(Task prompt) A word-for-word copy of the listing is needed. Retype it in full.
──────
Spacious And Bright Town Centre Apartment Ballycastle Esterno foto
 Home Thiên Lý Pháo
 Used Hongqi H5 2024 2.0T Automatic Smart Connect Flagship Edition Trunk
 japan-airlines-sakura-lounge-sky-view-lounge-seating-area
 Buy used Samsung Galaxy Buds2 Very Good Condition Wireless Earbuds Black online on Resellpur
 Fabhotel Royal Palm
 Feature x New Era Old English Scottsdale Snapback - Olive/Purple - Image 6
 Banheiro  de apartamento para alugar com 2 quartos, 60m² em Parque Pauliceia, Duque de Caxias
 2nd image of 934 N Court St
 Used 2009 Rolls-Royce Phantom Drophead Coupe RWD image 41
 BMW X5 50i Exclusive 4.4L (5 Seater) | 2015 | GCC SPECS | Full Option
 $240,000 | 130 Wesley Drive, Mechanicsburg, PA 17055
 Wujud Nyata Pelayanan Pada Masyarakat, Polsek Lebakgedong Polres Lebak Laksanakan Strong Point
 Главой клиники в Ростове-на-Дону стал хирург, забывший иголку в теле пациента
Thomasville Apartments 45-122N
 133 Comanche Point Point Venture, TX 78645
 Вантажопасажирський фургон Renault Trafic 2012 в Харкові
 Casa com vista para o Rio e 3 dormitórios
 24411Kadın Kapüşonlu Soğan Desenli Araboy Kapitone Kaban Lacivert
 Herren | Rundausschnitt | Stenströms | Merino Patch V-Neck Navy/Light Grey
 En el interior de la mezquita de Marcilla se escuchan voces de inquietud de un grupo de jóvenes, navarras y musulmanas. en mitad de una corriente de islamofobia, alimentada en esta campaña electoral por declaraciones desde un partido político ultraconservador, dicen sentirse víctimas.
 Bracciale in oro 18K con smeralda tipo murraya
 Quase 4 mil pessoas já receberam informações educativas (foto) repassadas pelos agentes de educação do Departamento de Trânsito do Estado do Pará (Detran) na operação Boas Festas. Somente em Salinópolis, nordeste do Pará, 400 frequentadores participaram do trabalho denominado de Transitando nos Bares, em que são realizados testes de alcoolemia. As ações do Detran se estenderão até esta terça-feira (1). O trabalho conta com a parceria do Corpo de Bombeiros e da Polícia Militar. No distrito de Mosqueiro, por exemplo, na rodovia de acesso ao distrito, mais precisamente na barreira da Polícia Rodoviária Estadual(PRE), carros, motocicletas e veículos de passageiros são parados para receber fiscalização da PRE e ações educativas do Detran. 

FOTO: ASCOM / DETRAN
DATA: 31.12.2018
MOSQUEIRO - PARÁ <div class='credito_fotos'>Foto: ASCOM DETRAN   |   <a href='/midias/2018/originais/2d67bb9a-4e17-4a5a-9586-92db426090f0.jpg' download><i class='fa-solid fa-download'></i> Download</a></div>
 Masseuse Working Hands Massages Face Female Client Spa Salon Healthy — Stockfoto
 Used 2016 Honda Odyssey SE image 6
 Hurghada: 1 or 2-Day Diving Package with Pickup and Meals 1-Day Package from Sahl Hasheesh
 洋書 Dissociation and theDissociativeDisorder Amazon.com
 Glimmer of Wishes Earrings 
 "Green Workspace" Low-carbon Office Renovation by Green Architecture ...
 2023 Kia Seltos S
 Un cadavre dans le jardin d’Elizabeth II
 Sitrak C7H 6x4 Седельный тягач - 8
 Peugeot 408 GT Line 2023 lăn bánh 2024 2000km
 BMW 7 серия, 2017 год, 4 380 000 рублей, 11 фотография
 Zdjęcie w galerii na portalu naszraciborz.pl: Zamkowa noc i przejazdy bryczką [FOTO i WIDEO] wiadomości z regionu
──────
(Answer)
Spacious And Bright Town Centre Apartment Ballycastle Esterno foto
 Home Thiên Lý Pháo
 Used Hongqi H5 2024 2.0T Automatic Smart Connect Flagship Edition Trunk
 japan-airlines-sakura-lounge-sky-view-lounge-seating-area
 Buy used Samsung Galaxy Buds2 Very Good Condition Wireless Earbuds Black online on Resellpur
 Fabhotel Royal Palm
 Feature x New Era Old English Scottsdale Snapback - Olive/Purple - Image 6
 Banheiro  de apartamento para alugar com 2 quartos, 60m² em Parque Pauliceia, Duque de Caxias
 2nd image of 934 N Court St
 Used 2009 Rolls-Royce Phantom Drophead Coupe RWD image 41
 BMW X5 50i Exclusive 4.4L (5 Seater) | 2015 | GCC SPECS | Full Option
 $240,000 | 130 Wesley Drive, Mechanicsburg, PA 17055
 Wujud Nyata Pelayanan Pada Masyarakat, Polsek Lebakgedong Polres Lebak Laksanakan Strong Point
 Главой клиники в Ростове-на-Дону стал хирург, забывший иголку в теле пациента
Thomasville Apartments 45-122N
 133 Comanche Point Point Venture, TX 78645
 Вантажопасажирський фургон Renault Trafic 2012 в Харкові
 Casa com vista para o Rio e 3 dormitórios
 24411Kadın Kapüşonlu Soğan Desenli Araboy Kapitone Kaban Lacivert
 Herren | Rundausschnitt | Stenströms | Merino Patch V-Neck Navy/Light Grey
 En el interior de la mezquita de Marcilla se escuchan voces de inquietud de un grupo de jóvenes, navarras y musulmanas. en mitad de una corriente de islamofobia, alimentada en esta campaña electoral por declaraciones desde un partido político ultraconservador, dicen sentirse víctimas.
 Bracciale in oro 18K con smeralda tipo murraya
 Quase 4 mil pessoas já receberam informações educativas (foto) repassadas pelos agentes de educação do Departamento de Trânsito do Estado do Pará (Detran) na operação Boas Festas. Somente em Salinópolis, nordeste do Pará, 400 frequentadores participaram do trabalho denominado de Transitando nos Bares, em que são realizados testes de alcoolemia. As ações do Detran se estenderão até esta terça-feira (1). O trabalho conta com a parceria do Corpo de Bombeiros e da Polícia Militar. No distrito de Mosqueiro, por exemplo, na rodovia de acesso ao distrito, mais precisamente na barreira da Polícia Rodoviária Estadual(PRE), carros, motocicletas e veículos de passageiros são parados para receber fiscalização da PRE e ações educativas do Detran. 

FOTO: ASCOM / DETRAN
DATA: 31.12.2018
MOSQUEIRO - PARÁ <div class='credito_fotos'>Foto: ASCOM DETRAN   |   <a href='/midias/2018/originais/2d67bb9a-4e17-4a5a-9586-92db426090f0.jpg' download><i class='fa-solid fa-download'></i> Download</a></div>
 Masseuse Working Hands Massages Face Female Client Spa Salon Healthy — Stockfoto
 Used 2016 Honda Odyssey SE image 6
 Hurghada: 1 or 2-Day Diving Package with Pickup and Meals 1-Day Package from Sahl Hasheesh
 洋書 Dissociation and theDissociativeDisorder Amazon.com
 Glimmer of Wishes Earrings 
 "Green Workspace" Low-carbon Office Renovation by Green Architecture ...
 2023 Kia Seltos S
 Un cadavre dans le jardin d’Elizabeth II
 Sitrak C7H 6x4 Седельный тягач - 8
 Peugeot 408 GT Line 2023 lăn bánh 2024 2000km
 BMW 7 серия, 2017 год, 4 380 000 рублей, 11 фотография
 Zdjęcie w galerii na portalu naszraciborz.pl: Zamkowa noc i przejazdy bryczką [FOTO i WIDEO] wiadomości z regionu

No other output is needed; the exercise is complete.